# Does it exist a way how to find the ways to get from one point to another when certain points must be avoided?

#### Chemist116

The problem is as follows:

The diagram from below shows a grid of $6\times 6$. How many different ways can you get from $A$ to $B$ without going through any of the highlighted points? The alternatives given are as follows:

$\begin{array}{ll} 1.&\textrm{265 ways}\\ 2.&\textrm{365 ways}\\ 3.&\textrm{395 ways}\\ 4.&\textrm{405 ways}\\ \end{array}$

Does there exist a way to simplify this problem? How exactly can I find the method to solve this? There isn't any indication of which sort of path should be taken. Hence there could be tons of ways and I'm stuck on it. Can someone help me here? It would help a lot to me to **include** some sort of diagram or **drawing to justify** a reasonable method to solve this.

#### Chemist116

The answer to this question, according to my book, is $365$. However, I have not any idea how the author got to this answer. Can someone explain this please? Help!

#### skeeter

Math Team
I worked out two grids ... the one on the right has no barriers, the one on the left has the three barriers marked.

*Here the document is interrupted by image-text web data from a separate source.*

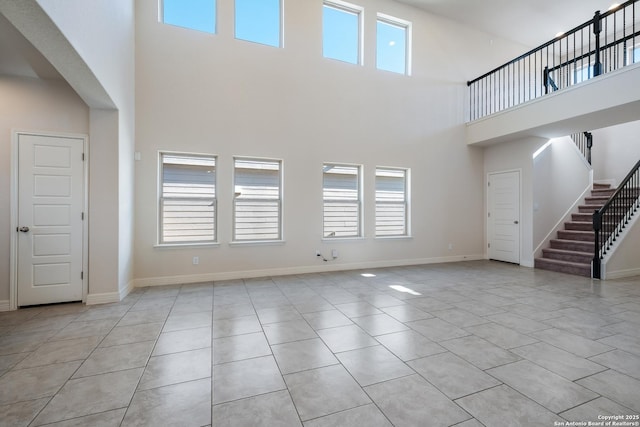 unfurnished living room with a towering ceiling and light tile patterned floors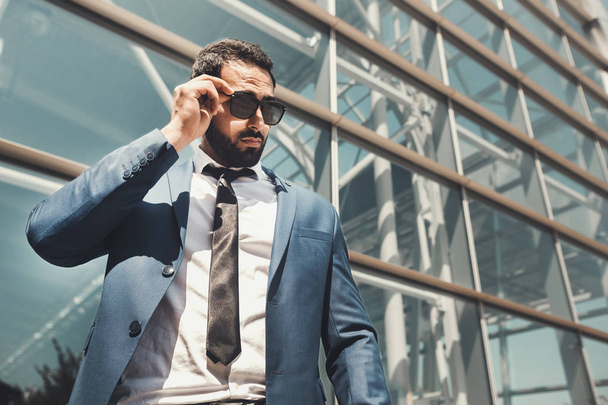 Bearded Businessman Wears Sunglasses Before Modern Building - Fotografie, Obrázek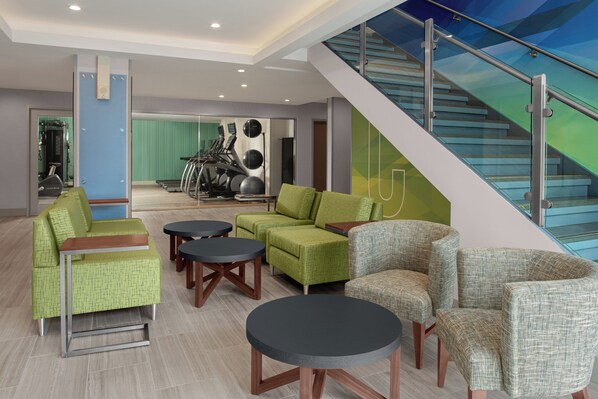 Un espacio interior moderno con zonas de estar, equipo de ejercicio y una escalera.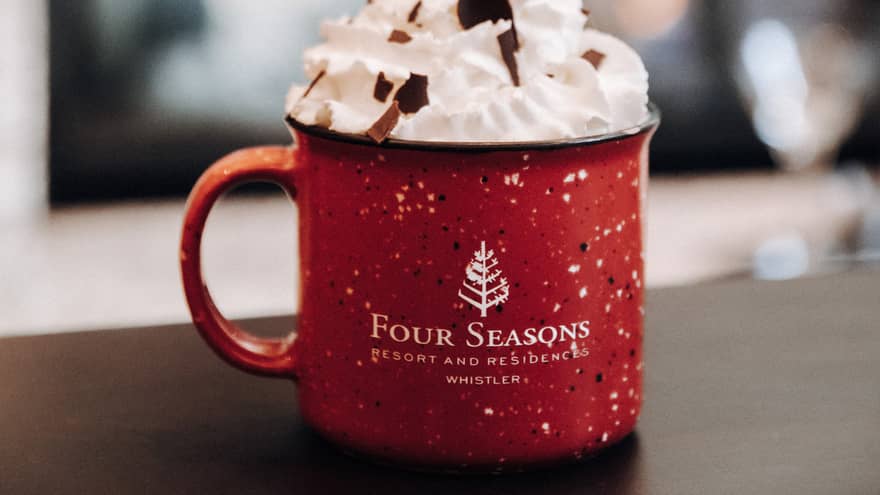 Red enamel mug with Four Seasons logo filled with hot chocolate and overflowing with whipped cream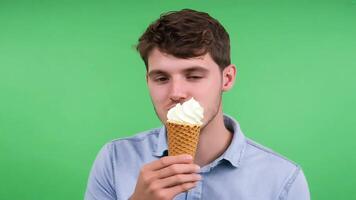 Man Enjoying Vanilla Ice Cream Cone green screen background. video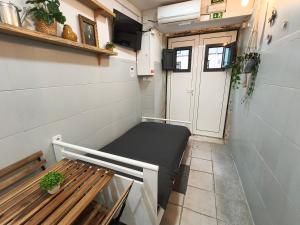 a small room with a bench and a door at Estúdio Madragoa in Lisbon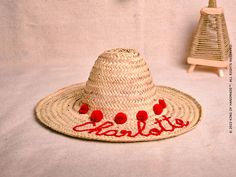 a straw hat with red pom poms on it next to a toy tree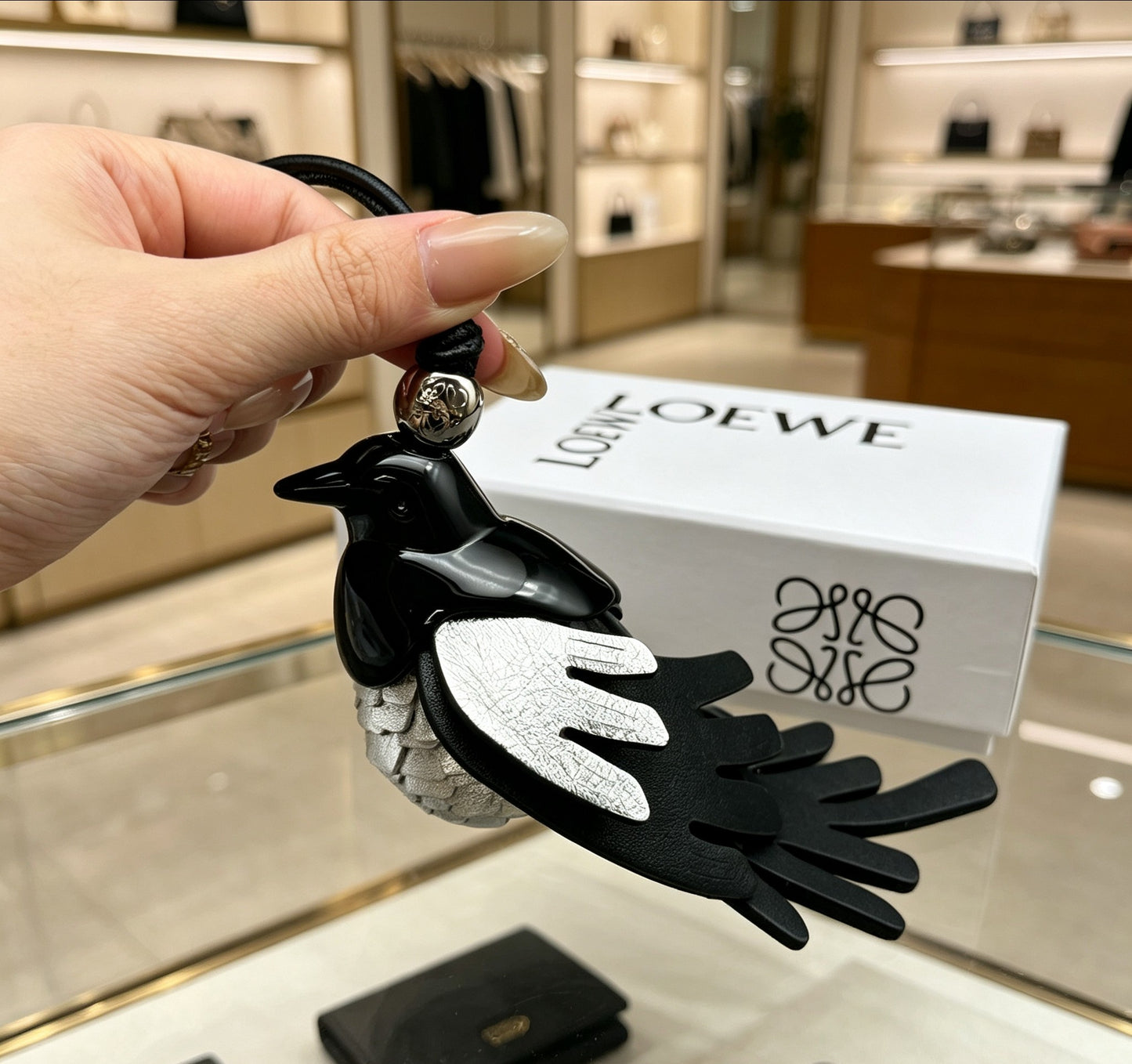 Bird Motif Bag Charm in Silver-Tone with Leather Detail detail view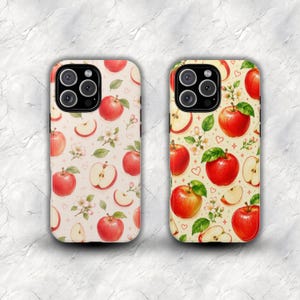 May include: Two phone cases featuring a repeating pattern of red apples, apple slices, green leaves, and white apple blossoms on a light background. The design includes small red heart outlines and star shapes scattered among the fruit illustrations.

Each number at a lattice point is the number of paths from that point to point B.

Note the grid with no barriers has Pascal's Triangle starting at the lower right, which means the total number of paths is $$\displaystyle \binom{12}{6}$$

Only problem is, I came up with 366 paths from A to B on the grid with the barriers. I believe there is a way to do this one with combinations, also ... I just haven't figured it out yet. Forum Staff

Math Team
right and down

#### mrtwhs

I think you need inclusion-exclusion.

$\binom{12}{6}-\binom{6}{2}\binom{6}{2}-\binom{5}{1}\binom{7}{2}-\binom{9}{4}\binom{3}{1}+0+\binom{6}{2}\binom{3}{1}\binom{3}{1}+\binom{5}{1}\binom{3}{1}-0=366$

However I think there is something tricky about the two points in a vertical line. That is, I think the path from A to B through those two points somehow gets double counted which would make the answer 365.

• Chemist116 and skeeter

#### skipjack

Forum Staff
right and down
Using that rule, there are 366 ways and the book is incorrect.

• Chemist116

#### Chemist116

I think you need inclusion-exclusion.

$\binom{12}{6}-\binom{6}{2}\binom{6}{2}-\binom{5}{1}\binom{7}{2}-\binom{9}{4}\binom{3}{1}+0+\binom{6}{2}\binom{3}{1}\binom{3}{1}+\binom{5}{1}\binom{3}{1}-0=366$

However I think there is something tricky about the two points in a vertical line. That is, I think the path from A to B through those two points somehow gets double counted which would make the answer 365.
I've been having a hard time trying to understand binomials. Perhaps can you explain me the inclusion exclusion principle and where do those binomials comes from and why?.

Although I understand how to work with Pascal approach, this thing with binomials is the approach which I would like to learn. So far I recall that binomials do not regard the order and not allow repetitions. Am I right with this?.

#### Chemist116

Using that rule, there are 366 ways and the book is incorrect.
I also agree that the answer should be $366$ unless the author didn't took into consideration one of the ends, which doesn't make much sense to me.